Here’s a fun paper from Google Research: The Unreasonable Effectiveness of Linear Prediction as a Perceptual Metric. The gist is that a task that it’s usually approached using lots of data to train complex architectures, or with hand-crafted somewhat ad hoc methods, can be done in a very efficient and simple way without a lot of the fun but at least in this case unnecessary complexity.

If you’re working on image retrieval and identification this is of immediate application, but, more generally, this is a reminder that it’s very unlikely that current deep learning architectures, or even the basics of these models, are nowhere near the best way to do the things they do: they are just the way we can do them now. We’re substituting a deep understanding of each tasks with (a lot of) data and (a lot of computation) and if it works, of course, it works, but it’s always a bad idea to believe that one is the same as the other.

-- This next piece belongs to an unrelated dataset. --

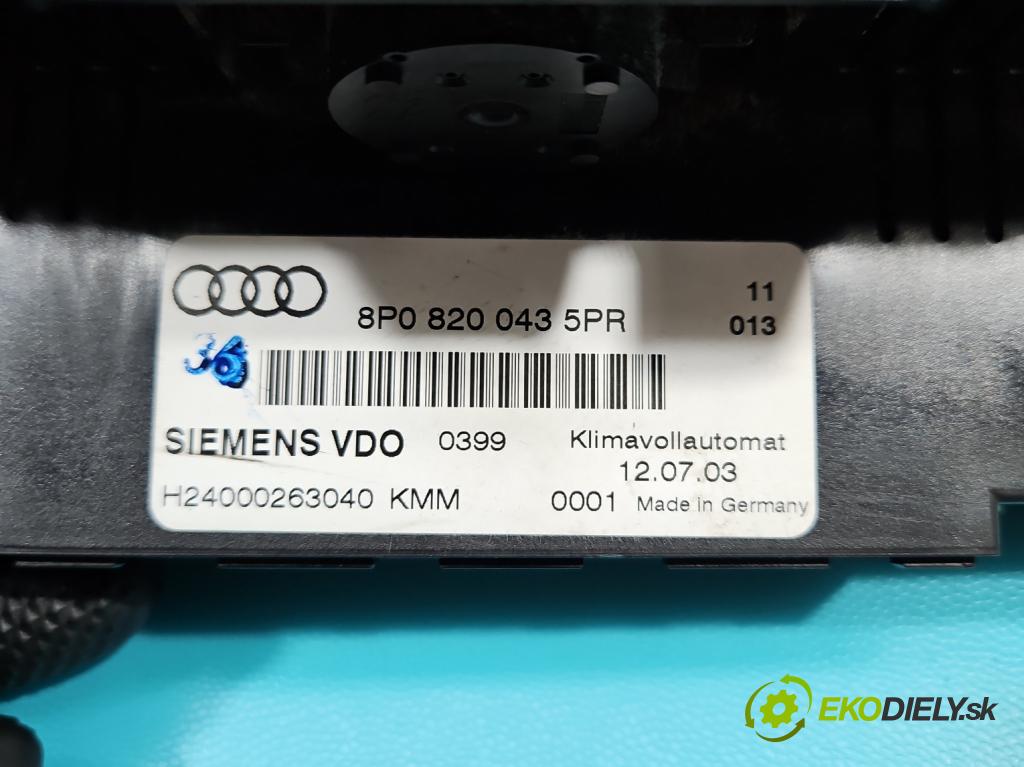 Audi A3 8P 2003-2012 1.6 SR 102 HP manual 75 kW 1595 cm3 3- panel kúrenia 8P08200435PR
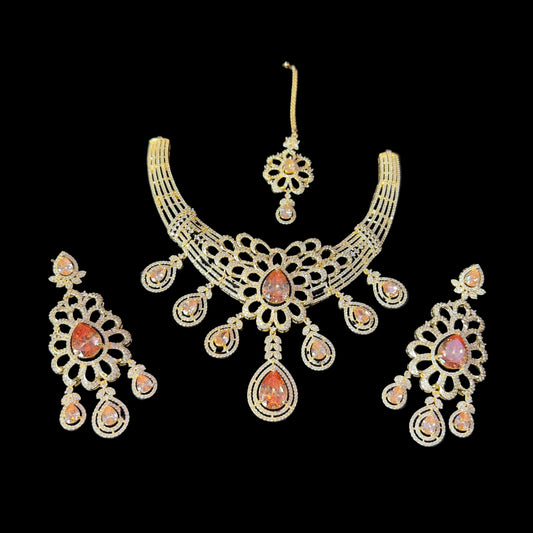 “AD-1 Carrot Necklace Set – Gold-Plated Jewelry with Original Stones for Weddings & Parties” SA jewelry pk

At the level of personal, business, and even societal strategy, it’s salutary to keep in mind that having a black box that does a thing and understanding a thing are very different as long-term investments: knowledge builds upon knowledge in a way that’s deeper and exponentially more powerful than just stacking black boxes with blindly trained response patterns. Truly superhuman AI capabilities — and I do agree that their development is one of the three or four key determinants of the rest of the century — won’t come through huge neural networks doing things faster and more scalably than humans do, but rather as software developing, leveraging, and building upon knowledge — not data, not software, knowledge — that’s richer and more complex than humans can handle unaided.

(For what it’s worth, we’ve done this before, many times: language, writing, bureaucracies, and laboratories are all technologies of superhuman cognition. We’ll do it again. Given the complexity of the problems we face, we better do it.)